Boquila leaf traits (such as size, shape, color, orientation) were compared with its native host tree species to try to explain such wide morphological changes. Out of 11 traits, there was significant phenotypic association between 9 traits of the Boquila and host leaves. Leaves of unsupported vines growing on the ground did not differ from those of vines growing on leafless stems or trees; showing that when there is no leaf to mimic, climbing plants do not differ from unsupported plants.
It was measured that herbivory remained equal between climbing vines and unsupported hosts. Herbivory was significantly higher in vines growing unsupported than in vines climbing on trees. Lastly, herbivory on vines climbing leafless hosts was higher than in unsupported vines. These results suggest that the act of climbing is not enough to avoid herbivory, but additional mimicry of supported leaves may reduce herbivory rates.

An interesting note about the Boquila is that leaf mimicry can occur even when there is no contact between the vine and its host. High phenotypic plasticity allows the Boquila to mimic several hosts simultaneously but it does not explain the mechanism behind its mimicry.

Mechanism
Currently, there is no known explanation for leaf mimicry. In the Boquila, because mimicry is observed despite lack of physical contact between the vine and its host, hypotheses of plant volatile and horizontal gene transfer have been mentioned.
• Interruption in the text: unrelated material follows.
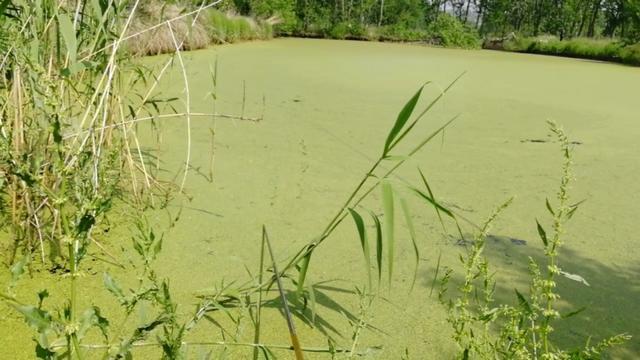 钓鱼遇到这种浮萍烂叶塘,直接使用蚯蚓这样钓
Volatile organic compounds have been shown to elicit defense responses in inter-plant and plant-plant situations. When attacked by herbivores, plants release a blend of volatiles that can initiate response in systemic leaves as well as neighboring plants. It has been observed that volatile signals increased the expression of genes related to plant defense and resulted in change to the transcriptome. In mimicry, response to volatiles could be gene edits in the plant, which could change the expression of certain genes and result in phenotypic change.
In the Venus fly trap, stimulation of mechanoreceptors and calcium release trigger jasmonic acid synthesis. Proteins and enzymes have been shown to be involved in transport and perception of volatiles. They could also play a role in the conversion of a volatile signal to a chemical product response e.g. salicylic acid and methyl salicylate. With the mistletoe, a possible line of study could be measuring nitrogen level change after mimicry to see if nitrogen is involved in perception of volatiles or if it changes as a result from perception.
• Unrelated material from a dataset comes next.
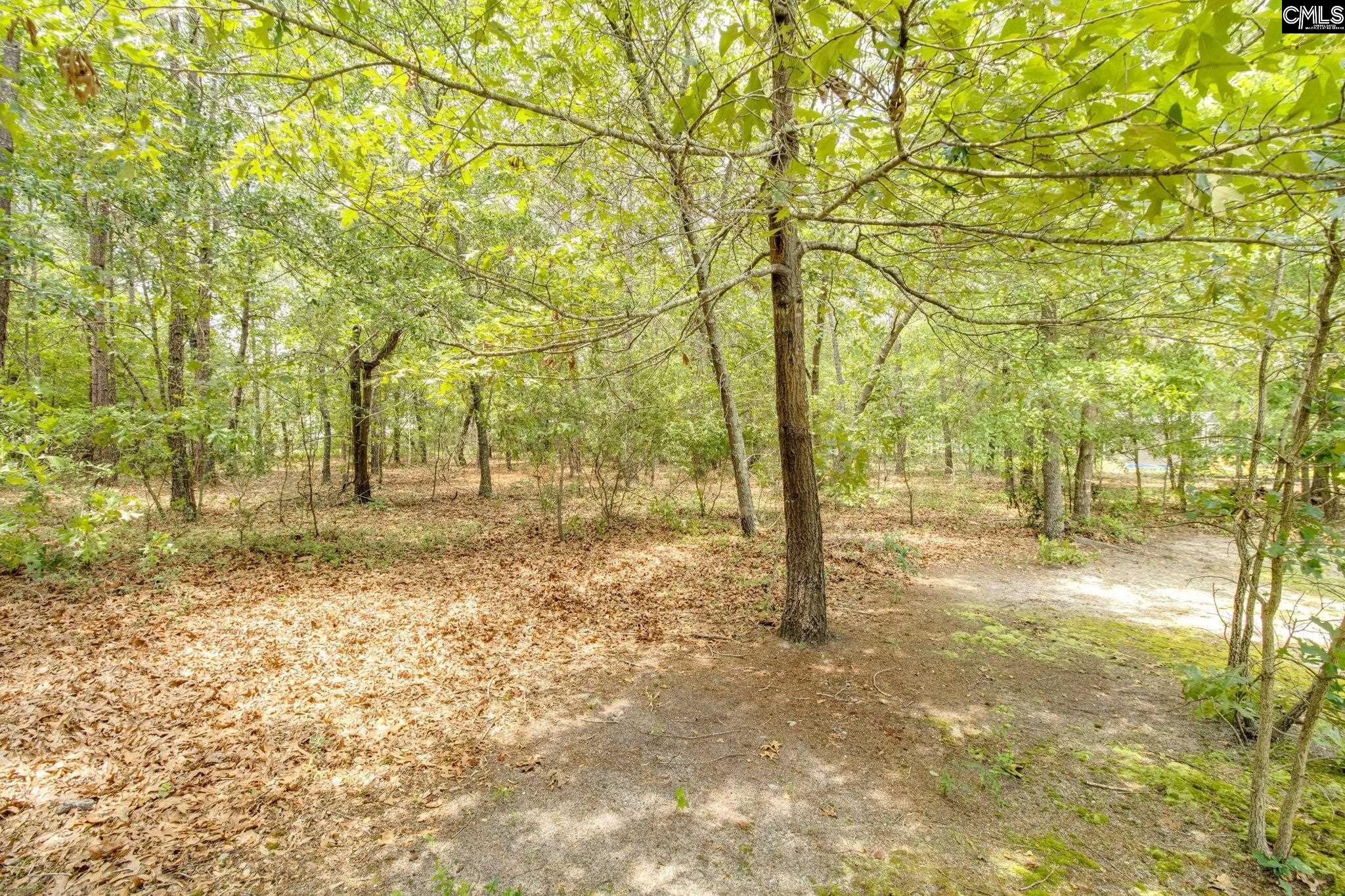 13 Whistling Duck Cove Lugoff, SC 29078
Horizontal gene transfer involves movement of genetic material without being passed down to offspring. It plays an important role in the evolution of many organisms. It is hypothesized that transfer is conducted through a vector or is a result of plant-plant parasitism.
Little is known about how this method could be involved in plant mimicry but it is mentioned by Gianoli and Carrasco-Urra as an explanation that Boquila mimicry is observed depending on which host the plant is nearest to, despite previous contact. Possible transfer within close distances would explain varying amounts of mimicry seen in Boquila and its hosts.

Plant-plant interactions
Not much is known about the underlying mechanisms of how the mimicking plants and their hosts are able to communicate, or if they do at all. Kin recognition would be an area to further study as it might reveal more about volatile communication between plants. Heil and Karban note that the use of volatiles can be costly to the emitter which poses the question of competition and cost between the host and mimicker. If the host were to somehow recognize the mimicker as kin, it would offer potential reasoning for the exchange between the two. Similar to a study from Crepy et al. in which they noticed plants that recognized kin shifted their leaf position to benefit kin plants growing nearby. Close phenotypic association was observed and could be explored further. Others have discussed that instead of communication, Boquila and other plants eavesdrop on their hosts.

It might be that instead of the mimicking plant solely benefitting, the host plant could also experience reduced herbivory as potential herbivores might mistake the Boquila for the host. This would suggest that the relationship between mimicker and host is not just beneficial to the mimicker. Further research into the plant-plant interactions would need to be done in order to answer these questions.